During the power outage this past week, I decided to go into the tower and do some dusting and tried reinstalling the new drive. I had read through my computer's technical manual for info on installing/upgrading the hard drive, did what it said and thought everything was hunky dory. When the power came back on and I turned the computer on, it wouldn't boot to the new drive BUT at least when I checked out the file list, it said that there were now two hard drives, a 75.+gb and a 500gb. Yay, an improvement!

Anyway, I tried changing the boot sequence in the BIOS to get the machine to boot from my WindozeXP cd - didn't work, the cd drive wouldn't read the cd. This morning, I used a cd drive cleaner on both my cd and dvd drives. Tried the Windoze disc in the dvd drive and success, it booted.

Started the Windows setup/install and then got caught in a loop. I had previously set up a partition for XP in the new drive (for about 105gb) but XP didn't like that partition so it sent me back to the setup screen where I deleted the partition and chose the option to allow XP the whole unallocated space. Pressed enter to continue and on the next screen, it told me that XP didn't like that partition and I needed to go back and delete and do another partition.

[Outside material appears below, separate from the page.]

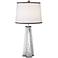Y6656 - Table Lamps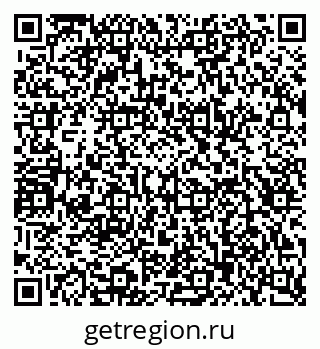 79124034350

I ended up doing this about three times before I gave up and quit the setup and booted into the old drive.

So my question is this: does anyone have any advice/suggestions for how I can break past this loop and finally get my XP installed on my new drive and get it running?


For reference: Dell Dimension 4700, currently running Ubuntu 11.10 on the old drive (and would like the new drive to be dual boot with XP)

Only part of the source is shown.